Records from a dataset
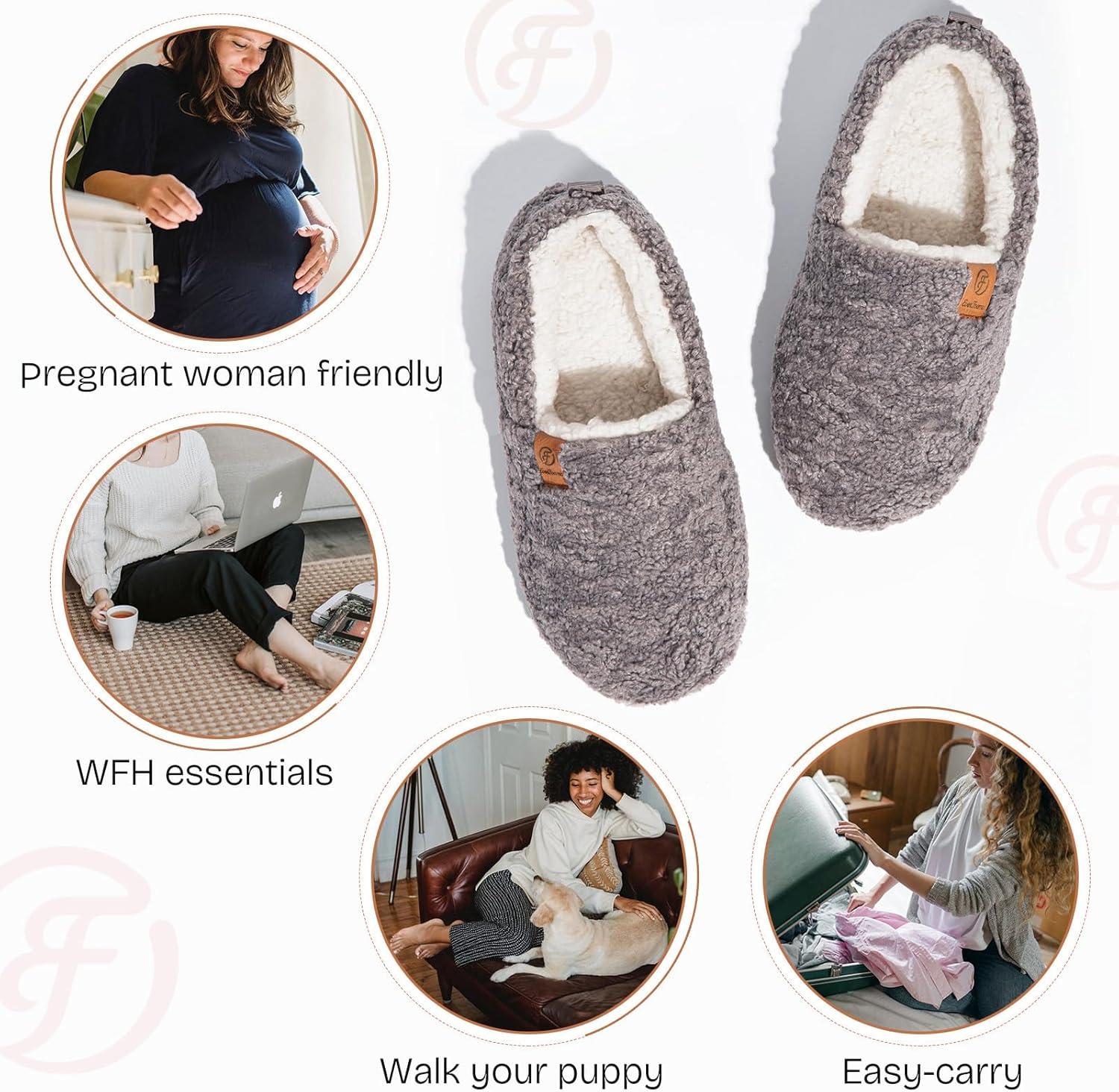 imageEverFoams Warm Womens Slippers Socks Set Soft Full Cozy Loafer Slippers Size 910 Grey Cozy Chenille Socks 3Pair Set Free Size Fairy Fluff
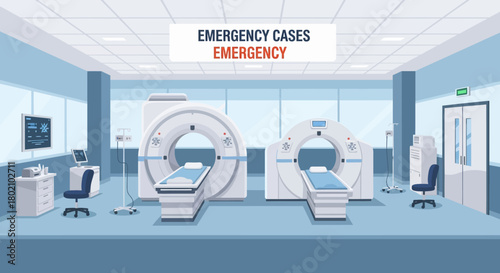 Modern hospital emergency room with advanced medical equipment, including mri scanners, for critical patient care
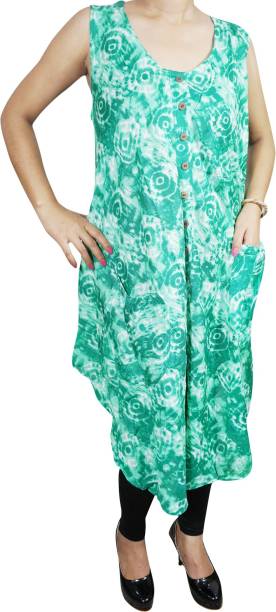 Indiatrendzs Women A-line Green Dress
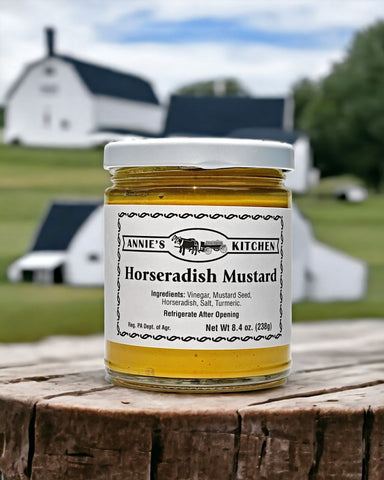 Savor Amish-crafted gourmet mustard with horseradish for a bold, spicy kick. Mustard seed goodness, from our USA kitchen to yours!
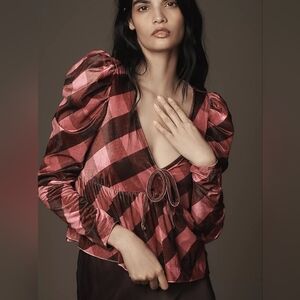 Anthropologie Maeve Velvet Babydoll Top Red Pink Puff Sleeve Large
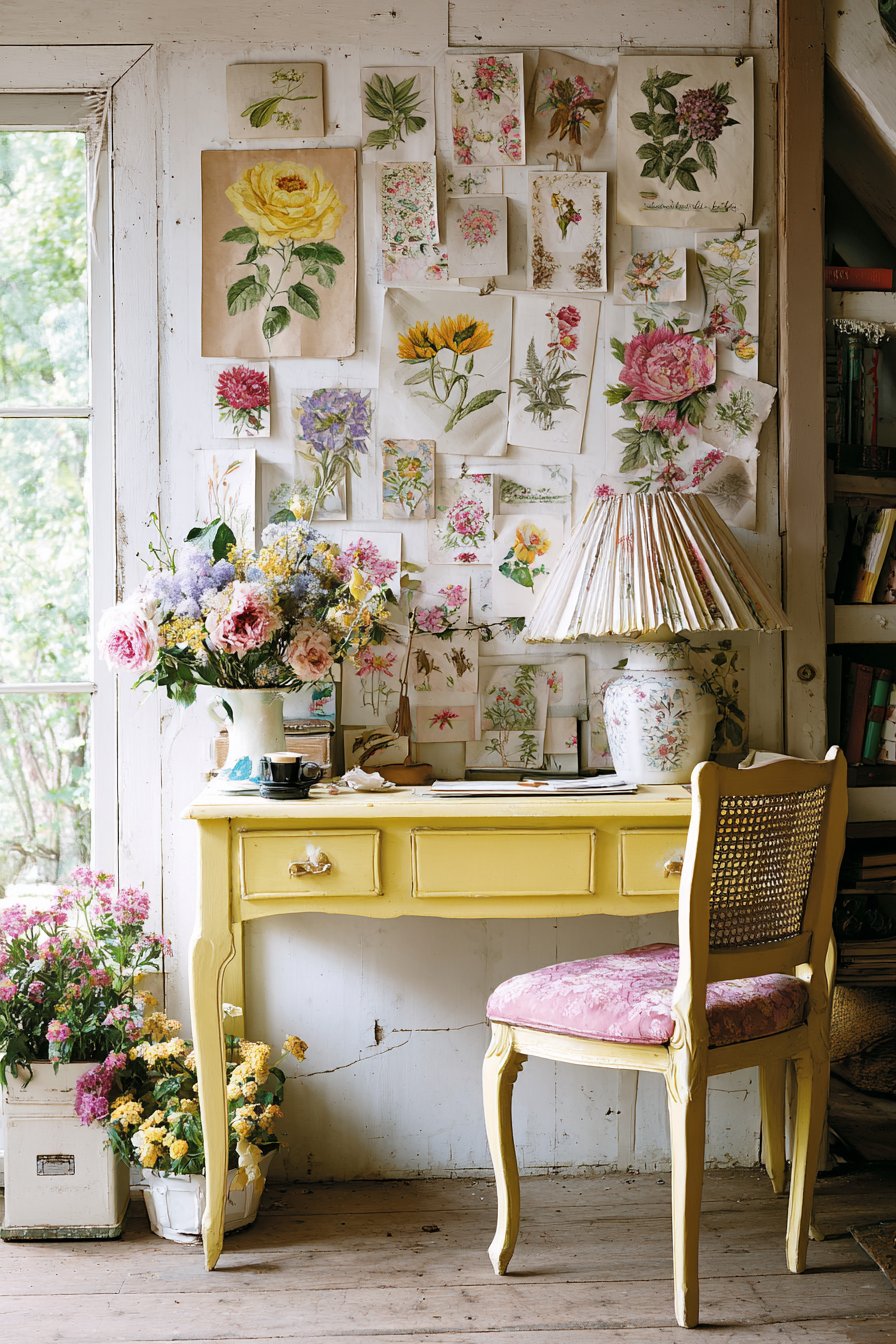 Butter Yellow Writing Desk Vignette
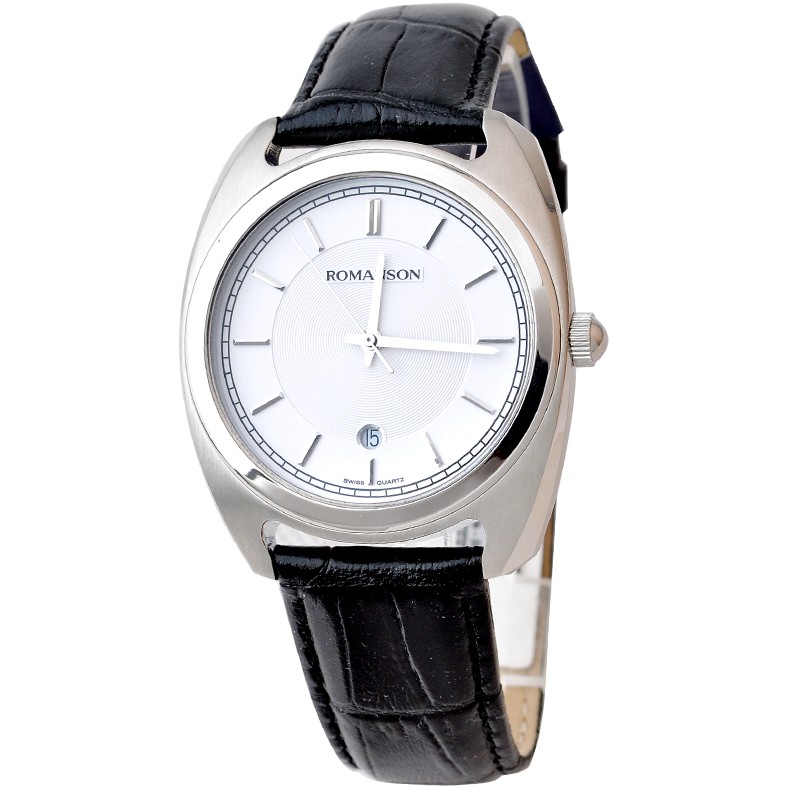 Đồng hồ Unisex Romanson Watch TL1269MWWH kính chống xước, dây da, máy thụy sĩ cao cấp chính hãng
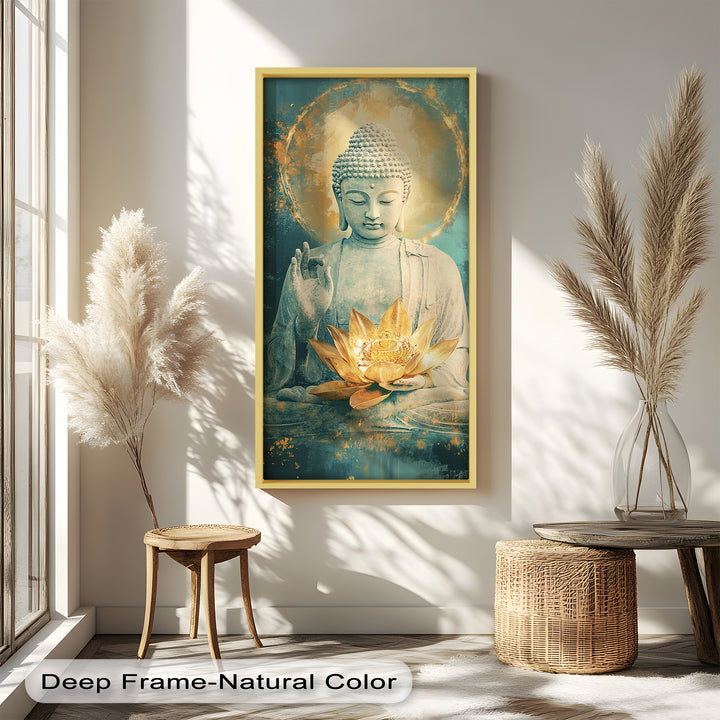 A serene Buddha statue meditating with a glowing golden lotus flower in his hands, surrounded by a divine halo.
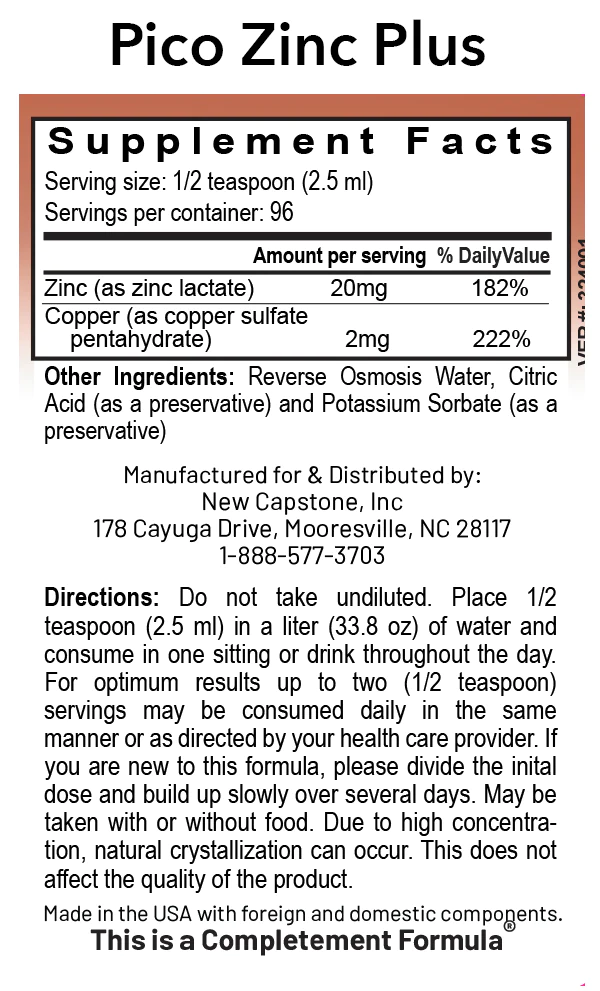 Pico ZInc Plus Ingredients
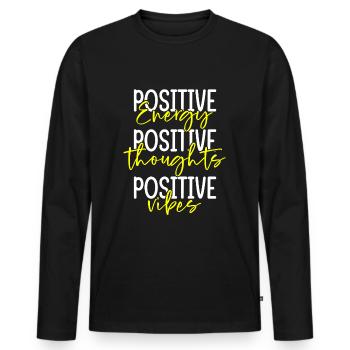 Positive self-love self-confidence - Men's Premium Organic Long Sleeve Shirt - black - Front - Nico (187cm)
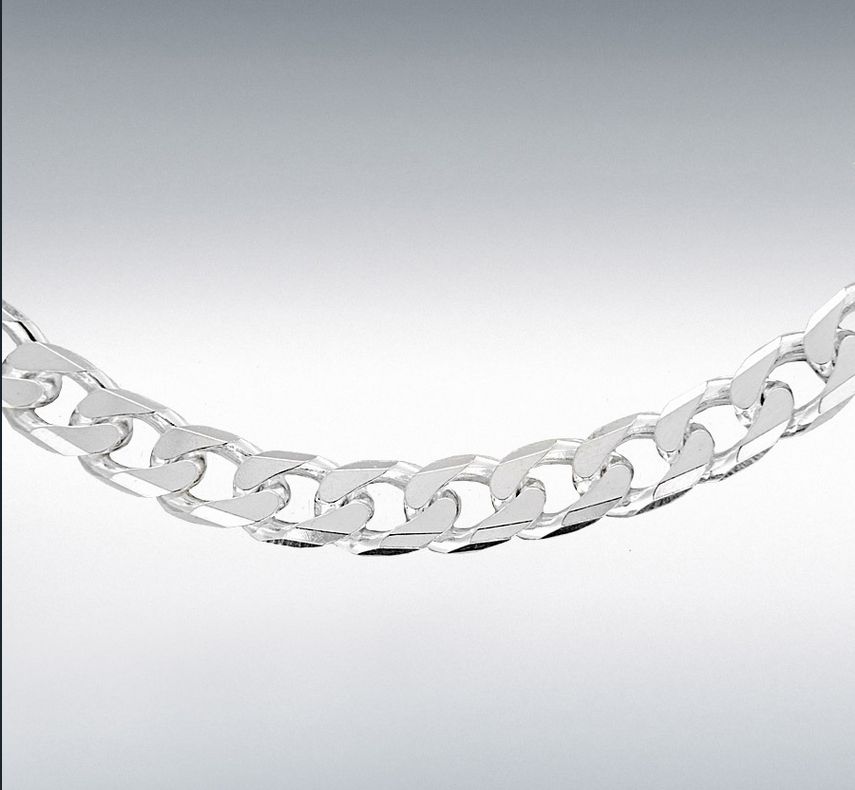 Sterling Silver 180 Diamond Cut Curb Chain, Length: 20&quot;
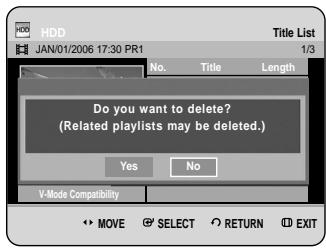 HDD JAN/01/2006 17:30 PR1 Title List 1/3 No. Title Length Do you want to delete? (Related playlists may be deleted.) Yes No V-Mode Comparability MOVE SELECT RETURN EXIT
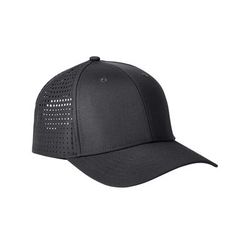 Big Accessories BA537 Performance Perforated Cap in Black | Polyester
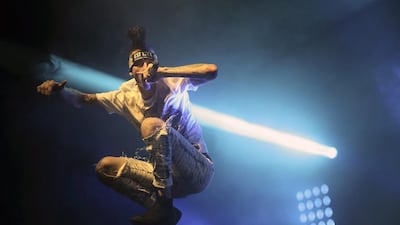 US rapper Machine Gun Kelly performs during his concert at the Murat Egyptian Room in Indianapolis. EPA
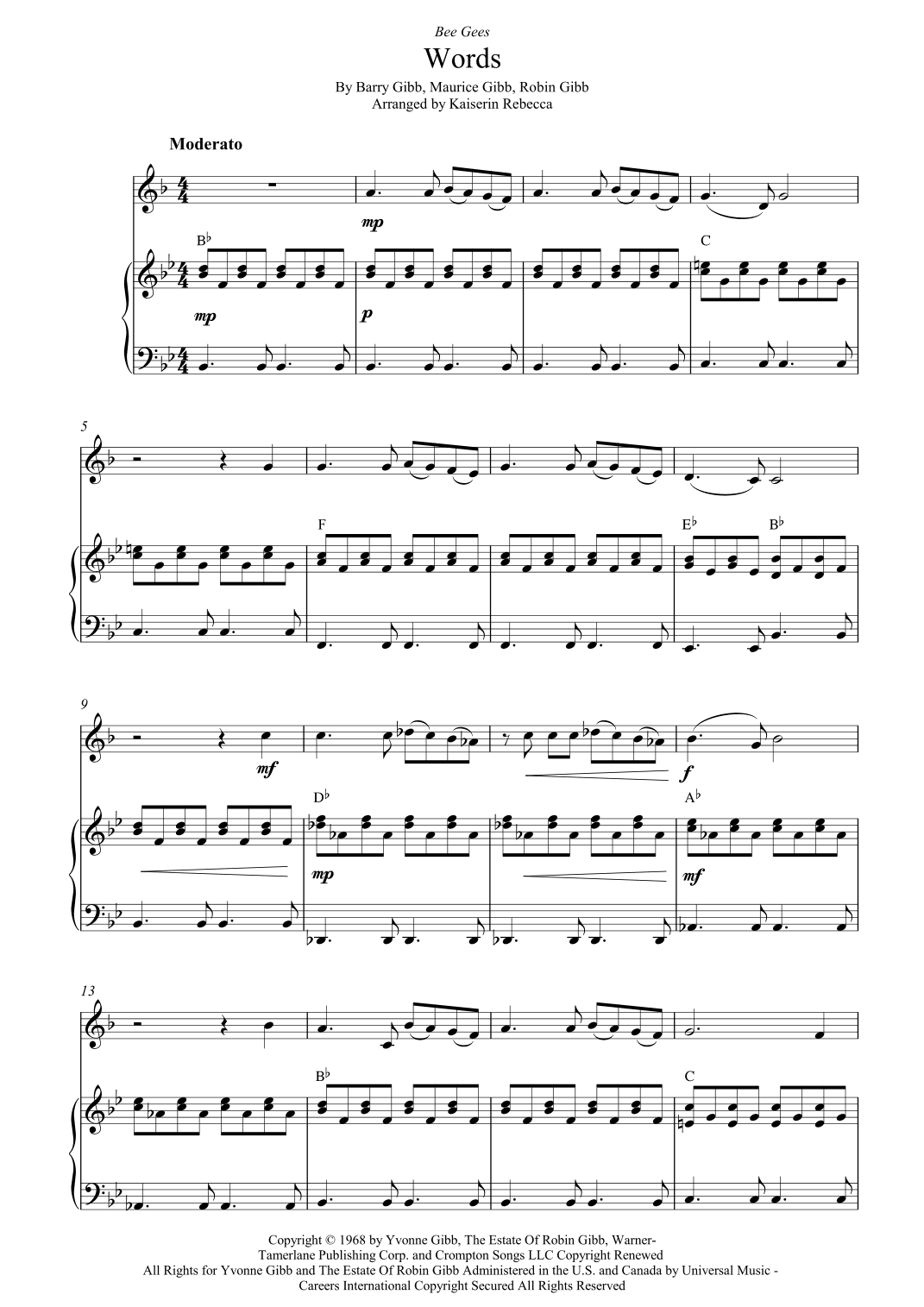Words (arr. Kaiserin Rebecca)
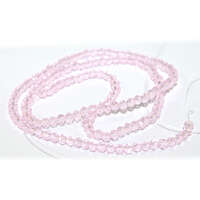2mm x 3mm Transparent Glass Rondelle - 38cm Strand - Pink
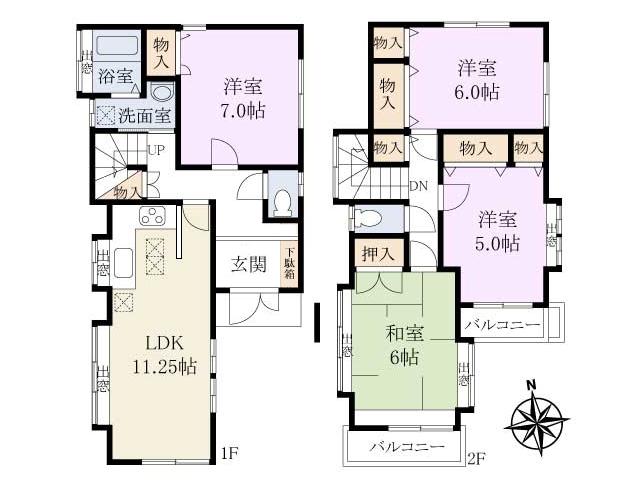 Floor plan. 47,800,000 yen, 4LDK, Land area 91.83 sq m , Building area 93.61 sq m Mitaka City Kamirenjaku 1-chome Floor plan
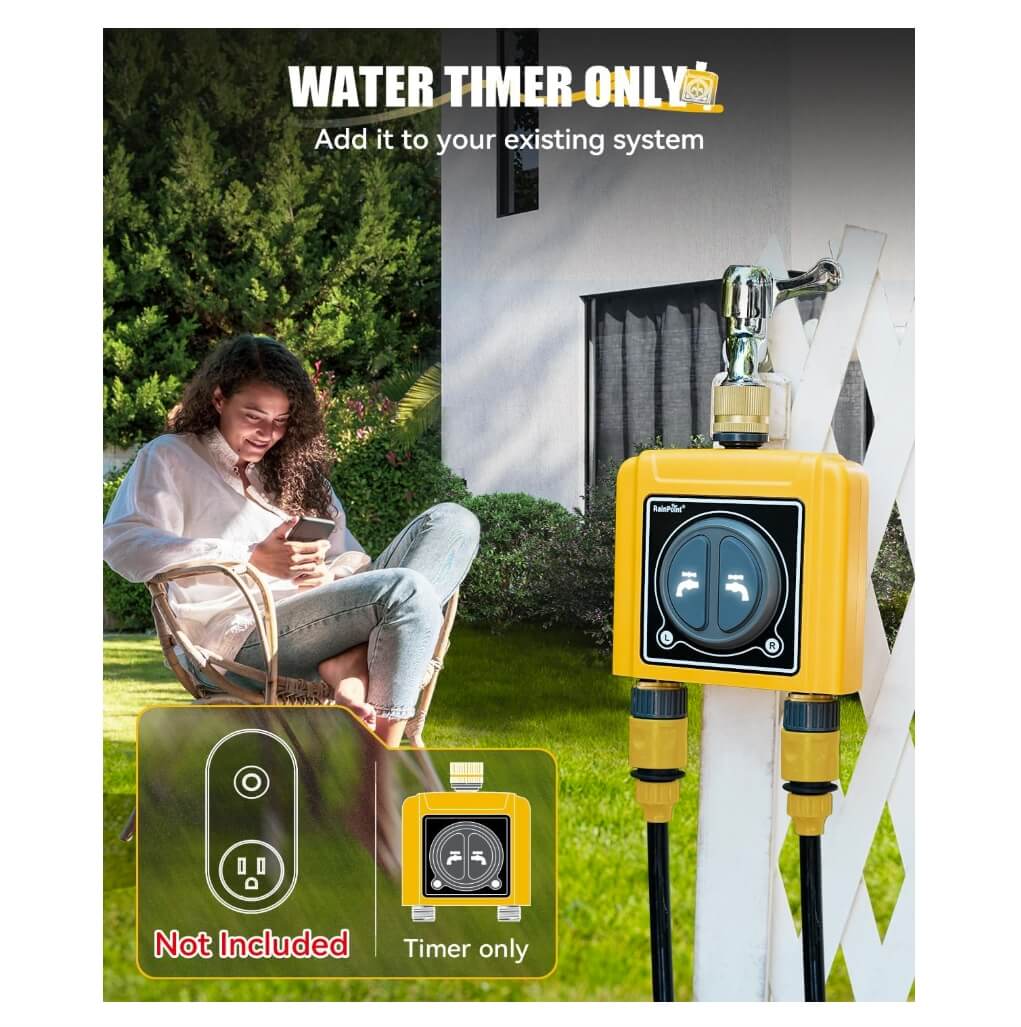 RainPoint WiFi Water Timer with Brass Inlet & Outlet. No WiFi Hub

* _REQUIRED ACTION_
Once the pictures are set aside, restate the remaining data above exactly.

* _RESPONSE TO THIS TASK_
 imageEverFoams Warm Womens Slippers Socks Set Soft Full Cozy Loafer Slippers Size 910 Grey Cozy Chenille Socks 3Pair Set Free Size Fairy Fluff
 Modern hospital emergency room with advanced medical equipment, including mri scanners, for critical patient care
 Indiatrendzs Women A-line Green Dress
 Savor Amish-crafted gourmet mustard with horseradish for a bold, spicy kick. Mustard seed goodness, from our USA kitchen to yours!
 Anthropologie Maeve Velvet Babydoll Top Red Pink Puff Sleeve Large
 Butter Yellow Writing Desk Vignette
 Đồng hồ Unisex Romanson Watch TL1269MWWH kính chống xước, dây da, máy thụy sĩ cao cấp chính hãng
 A serene Buddha statue meditating with a glowing golden lotus flower in his hands, surrounded by a divine halo.
 Pico ZInc Plus Ingredients
 Positive self-love self-confidence - Men's Premium Organic Long Sleeve Shirt - black - Front - Nico (187cm)
 Sterling Silver 180 Diamond Cut Curb Chain, Length: 20&quot;
 HDD JAN/01/2006 17:30 PR1 Title List 1/3 No. Title Length Do you want to delete? (Related playlists may be deleted.) Yes No V-Mode Comparability MOVE SELECT RETURN EXIT
 Big Accessories BA537 Performance Perforated Cap in Black | Polyester
 US rapper Machine Gun Kelly performs during his concert at the Murat Egyptian Room in Indianapolis. EPA
Words (arr. Kaiserin Rebecca)
2mm x 3mm Transparent Glass Rondelle - 38cm Strand - Pink
 Floor plan. 47,800,000 yen, 4LDK, Land area 91.83 sq m , Building area 93.61 sq m Mitaka City Kamirenjaku 1-chome Floor plan
 RainPoint WiFi Water Timer with Brass Inlet & Outlet. No WiFi Hub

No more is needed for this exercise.